PROBLEM DETAILS: Copy the lines below verbatim. Begin with the first and end with the line containing "Algopix Similar Product".

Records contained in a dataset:
-*-*-

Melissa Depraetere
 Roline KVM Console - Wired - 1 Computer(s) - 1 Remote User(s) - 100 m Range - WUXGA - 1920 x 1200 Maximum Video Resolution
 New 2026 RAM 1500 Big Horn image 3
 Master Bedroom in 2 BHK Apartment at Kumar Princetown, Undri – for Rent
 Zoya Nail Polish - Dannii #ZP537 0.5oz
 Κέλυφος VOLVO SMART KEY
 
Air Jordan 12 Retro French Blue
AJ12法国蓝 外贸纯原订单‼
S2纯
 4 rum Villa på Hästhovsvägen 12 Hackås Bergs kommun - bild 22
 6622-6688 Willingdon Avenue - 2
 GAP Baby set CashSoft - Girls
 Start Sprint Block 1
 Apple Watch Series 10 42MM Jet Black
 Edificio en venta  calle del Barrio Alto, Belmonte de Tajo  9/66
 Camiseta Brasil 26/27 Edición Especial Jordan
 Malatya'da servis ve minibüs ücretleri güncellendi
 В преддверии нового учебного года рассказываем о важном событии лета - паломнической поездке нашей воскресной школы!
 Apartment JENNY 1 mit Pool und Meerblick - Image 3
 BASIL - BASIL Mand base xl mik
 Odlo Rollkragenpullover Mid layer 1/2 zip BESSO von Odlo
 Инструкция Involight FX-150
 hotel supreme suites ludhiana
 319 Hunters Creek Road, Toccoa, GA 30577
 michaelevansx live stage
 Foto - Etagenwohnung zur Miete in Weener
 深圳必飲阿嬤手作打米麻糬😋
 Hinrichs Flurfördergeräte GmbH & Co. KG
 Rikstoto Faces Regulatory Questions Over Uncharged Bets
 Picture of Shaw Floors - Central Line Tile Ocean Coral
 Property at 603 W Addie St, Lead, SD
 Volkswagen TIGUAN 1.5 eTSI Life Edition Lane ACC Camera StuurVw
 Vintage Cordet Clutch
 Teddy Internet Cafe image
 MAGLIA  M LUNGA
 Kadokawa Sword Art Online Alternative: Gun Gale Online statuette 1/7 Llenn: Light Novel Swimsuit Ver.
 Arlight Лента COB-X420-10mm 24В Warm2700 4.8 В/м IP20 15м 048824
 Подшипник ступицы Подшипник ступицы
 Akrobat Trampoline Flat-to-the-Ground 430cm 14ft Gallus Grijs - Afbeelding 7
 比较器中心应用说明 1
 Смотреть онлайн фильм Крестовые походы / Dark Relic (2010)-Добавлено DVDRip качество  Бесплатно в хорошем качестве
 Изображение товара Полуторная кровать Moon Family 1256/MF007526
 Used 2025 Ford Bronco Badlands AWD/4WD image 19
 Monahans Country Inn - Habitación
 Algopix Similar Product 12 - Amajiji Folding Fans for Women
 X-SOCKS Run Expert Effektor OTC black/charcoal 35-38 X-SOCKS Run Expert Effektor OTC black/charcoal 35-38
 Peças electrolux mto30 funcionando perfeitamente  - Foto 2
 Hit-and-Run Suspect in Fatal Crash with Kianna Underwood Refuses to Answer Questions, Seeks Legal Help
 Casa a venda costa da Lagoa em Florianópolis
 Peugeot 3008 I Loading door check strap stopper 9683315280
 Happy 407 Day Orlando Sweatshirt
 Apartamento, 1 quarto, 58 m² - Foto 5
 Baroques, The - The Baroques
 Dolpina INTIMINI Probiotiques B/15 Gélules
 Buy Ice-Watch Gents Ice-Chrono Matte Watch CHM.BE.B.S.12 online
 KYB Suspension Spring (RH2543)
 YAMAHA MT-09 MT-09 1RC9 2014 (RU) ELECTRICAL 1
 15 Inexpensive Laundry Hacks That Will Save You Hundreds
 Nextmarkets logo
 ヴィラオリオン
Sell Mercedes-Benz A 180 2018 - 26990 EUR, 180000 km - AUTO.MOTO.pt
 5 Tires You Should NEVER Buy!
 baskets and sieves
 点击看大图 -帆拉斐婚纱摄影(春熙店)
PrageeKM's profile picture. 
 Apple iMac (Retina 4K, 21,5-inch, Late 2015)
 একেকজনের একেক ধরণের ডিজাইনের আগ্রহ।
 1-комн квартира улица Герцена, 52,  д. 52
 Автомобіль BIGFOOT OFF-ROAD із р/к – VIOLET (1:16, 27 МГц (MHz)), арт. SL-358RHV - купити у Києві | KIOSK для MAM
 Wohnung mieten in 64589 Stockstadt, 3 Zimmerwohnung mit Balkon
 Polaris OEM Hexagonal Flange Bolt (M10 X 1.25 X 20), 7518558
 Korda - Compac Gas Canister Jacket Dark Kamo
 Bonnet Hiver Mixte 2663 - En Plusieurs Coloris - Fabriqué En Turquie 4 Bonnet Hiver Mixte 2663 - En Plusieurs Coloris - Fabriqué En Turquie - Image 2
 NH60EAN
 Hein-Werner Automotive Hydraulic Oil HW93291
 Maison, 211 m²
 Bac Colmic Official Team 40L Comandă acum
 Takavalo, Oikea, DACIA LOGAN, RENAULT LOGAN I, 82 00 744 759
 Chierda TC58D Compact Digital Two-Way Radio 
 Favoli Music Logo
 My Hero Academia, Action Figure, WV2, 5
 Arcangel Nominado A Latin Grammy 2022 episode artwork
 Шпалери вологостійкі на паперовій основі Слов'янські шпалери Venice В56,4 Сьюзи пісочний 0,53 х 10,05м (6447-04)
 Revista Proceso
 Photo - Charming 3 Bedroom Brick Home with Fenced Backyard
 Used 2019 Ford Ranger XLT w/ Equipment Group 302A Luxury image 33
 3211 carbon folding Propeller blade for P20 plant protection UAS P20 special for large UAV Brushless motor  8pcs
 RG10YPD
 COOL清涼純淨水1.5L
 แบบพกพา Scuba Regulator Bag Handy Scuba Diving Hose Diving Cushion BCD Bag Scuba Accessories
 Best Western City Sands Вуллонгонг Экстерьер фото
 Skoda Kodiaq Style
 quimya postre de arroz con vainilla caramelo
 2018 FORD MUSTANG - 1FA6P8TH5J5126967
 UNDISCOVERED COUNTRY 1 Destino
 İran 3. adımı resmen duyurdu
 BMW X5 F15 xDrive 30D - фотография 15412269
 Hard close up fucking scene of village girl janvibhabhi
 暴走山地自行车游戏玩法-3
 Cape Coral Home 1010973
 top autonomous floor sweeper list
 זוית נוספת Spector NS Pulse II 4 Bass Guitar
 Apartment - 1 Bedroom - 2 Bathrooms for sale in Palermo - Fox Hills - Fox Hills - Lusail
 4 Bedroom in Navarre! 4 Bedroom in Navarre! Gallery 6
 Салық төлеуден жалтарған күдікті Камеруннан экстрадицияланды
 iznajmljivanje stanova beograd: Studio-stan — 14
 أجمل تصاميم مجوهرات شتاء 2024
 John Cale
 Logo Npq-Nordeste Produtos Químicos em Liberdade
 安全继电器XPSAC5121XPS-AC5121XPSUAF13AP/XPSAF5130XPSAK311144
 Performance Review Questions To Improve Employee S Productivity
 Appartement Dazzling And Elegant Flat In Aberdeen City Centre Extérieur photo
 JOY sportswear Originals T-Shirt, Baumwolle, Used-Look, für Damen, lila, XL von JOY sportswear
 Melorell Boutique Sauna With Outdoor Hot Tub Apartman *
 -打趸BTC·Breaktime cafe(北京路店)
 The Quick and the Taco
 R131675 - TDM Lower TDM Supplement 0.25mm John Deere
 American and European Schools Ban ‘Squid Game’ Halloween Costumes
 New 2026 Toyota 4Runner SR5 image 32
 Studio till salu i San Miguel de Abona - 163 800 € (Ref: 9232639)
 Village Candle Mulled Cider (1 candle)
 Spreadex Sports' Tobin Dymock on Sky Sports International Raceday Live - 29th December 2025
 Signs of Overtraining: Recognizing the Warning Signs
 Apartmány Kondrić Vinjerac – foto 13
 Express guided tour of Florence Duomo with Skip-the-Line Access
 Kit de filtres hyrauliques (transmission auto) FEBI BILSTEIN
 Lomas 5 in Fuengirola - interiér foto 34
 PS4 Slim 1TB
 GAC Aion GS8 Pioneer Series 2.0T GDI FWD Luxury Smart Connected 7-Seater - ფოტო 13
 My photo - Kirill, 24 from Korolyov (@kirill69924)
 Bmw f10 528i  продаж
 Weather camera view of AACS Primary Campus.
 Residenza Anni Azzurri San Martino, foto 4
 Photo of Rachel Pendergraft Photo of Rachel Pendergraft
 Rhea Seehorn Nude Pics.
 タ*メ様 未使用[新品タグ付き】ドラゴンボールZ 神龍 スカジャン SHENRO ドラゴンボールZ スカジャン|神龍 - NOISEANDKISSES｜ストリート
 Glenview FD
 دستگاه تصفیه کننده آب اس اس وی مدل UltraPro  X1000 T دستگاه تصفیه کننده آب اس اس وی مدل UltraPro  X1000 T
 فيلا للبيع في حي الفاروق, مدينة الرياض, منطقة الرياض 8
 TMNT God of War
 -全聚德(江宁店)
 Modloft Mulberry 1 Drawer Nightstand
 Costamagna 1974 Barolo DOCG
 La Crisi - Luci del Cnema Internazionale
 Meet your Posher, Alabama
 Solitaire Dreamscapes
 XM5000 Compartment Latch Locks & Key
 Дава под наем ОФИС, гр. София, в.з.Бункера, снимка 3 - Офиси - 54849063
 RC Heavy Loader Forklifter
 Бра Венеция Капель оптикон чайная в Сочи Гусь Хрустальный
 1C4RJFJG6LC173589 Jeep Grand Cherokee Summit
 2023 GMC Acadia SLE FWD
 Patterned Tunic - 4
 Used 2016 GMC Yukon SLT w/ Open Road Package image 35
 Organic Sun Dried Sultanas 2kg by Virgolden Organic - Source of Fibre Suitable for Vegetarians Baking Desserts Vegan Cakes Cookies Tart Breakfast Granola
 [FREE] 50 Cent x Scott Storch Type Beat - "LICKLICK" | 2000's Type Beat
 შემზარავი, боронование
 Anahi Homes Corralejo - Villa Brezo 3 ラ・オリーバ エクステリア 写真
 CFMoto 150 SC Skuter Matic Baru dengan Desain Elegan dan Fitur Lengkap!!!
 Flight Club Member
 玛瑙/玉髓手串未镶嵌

-*-*-

ANSWER FOR THE TASK:
Melissa Depraetere
 Roline KVM Console - Wired - 1 Computer(s) - 1 Remote User(s) - 100 m Range - WUXGA - 1920 x 1200 Maximum Video Resolution
 New 2026 RAM 1500 Big Horn image 3
 Master Bedroom in 2 BHK Apartment at Kumar Princetown, Undri – for Rent
 Zoya Nail Polish - Dannii #ZP537 0.5oz
 Κέλυφος VOLVO SMART KEY
 
Air Jordan 12 Retro French Blue
AJ12法国蓝 外贸纯原订单‼
S2纯
 4 rum Villa på Hästhovsvägen 12 Hackås Bergs kommun - bild 22
 6622-6688 Willingdon Avenue - 2
 GAP Baby set CashSoft - Girls
 Start Sprint Block 1
 Apple Watch Series 10 42MM Jet Black
 Edificio en venta  calle del Barrio Alto, Belmonte de Tajo  9/66
 Camiseta Brasil 26/27 Edición Especial Jordan
 Malatya'da servis ve minibüs ücretleri güncellendi
 В преддверии нового учебного года рассказываем о важном событии лета - паломнической поездке нашей воскресной школы!
 Apartment JENNY 1 mit Pool und Meerblick - Image 3
 BASIL - BASIL Mand base xl mik
 Odlo Rollkragenpullover Mid layer 1/2 zip BESSO von Odlo
 Инструкция Involight FX-150
 hotel supreme suites ludhiana
 319 Hunters Creek Road, Toccoa, GA 30577
 michaelevansx live stage
 Foto - Etagenwohnung zur Miete in Weener
 深圳必飲阿嬤手作打米麻糬😋
 Hinrichs Flurfördergeräte GmbH & Co. KG
 Rikstoto Faces Regulatory Questions Over Uncharged Bets
 Picture of Shaw Floors - Central Line Tile Ocean Coral
 Property at 603 W Addie St, Lead, SD
 Volkswagen TIGUAN 1.5 eTSI Life Edition Lane ACC Camera StuurVw
 Vintage Cordet Clutch
 Teddy Internet Cafe image
 MAGLIA  M LUNGA
 Kadokawa Sword Art Online Alternative: Gun Gale Online statuette 1/7 Llenn: Light Novel Swimsuit Ver.
 Arlight Лента COB-X420-10mm 24В Warm2700 4.8 В/м IP20 15м 048824
 Подшипник ступицы Подшипник ступицы
 Akrobat Trampoline Flat-to-the-Ground 430cm 14ft Gallus Grijs - Afbeelding 7
 比较器中心应用说明 1
 Смотреть онлайн фильм Крестовые походы / Dark Relic (2010)-Добавлено DVDRip качество  Бесплатно в хорошем качестве
 Изображение товара Полуторная кровать Moon Family 1256/MF007526
 Used 2025 Ford Bronco Badlands AWD/4WD image 19
 Monahans Country Inn - Habitación
 Algopix Similar Product 12 - Amajiji Folding Fans for Women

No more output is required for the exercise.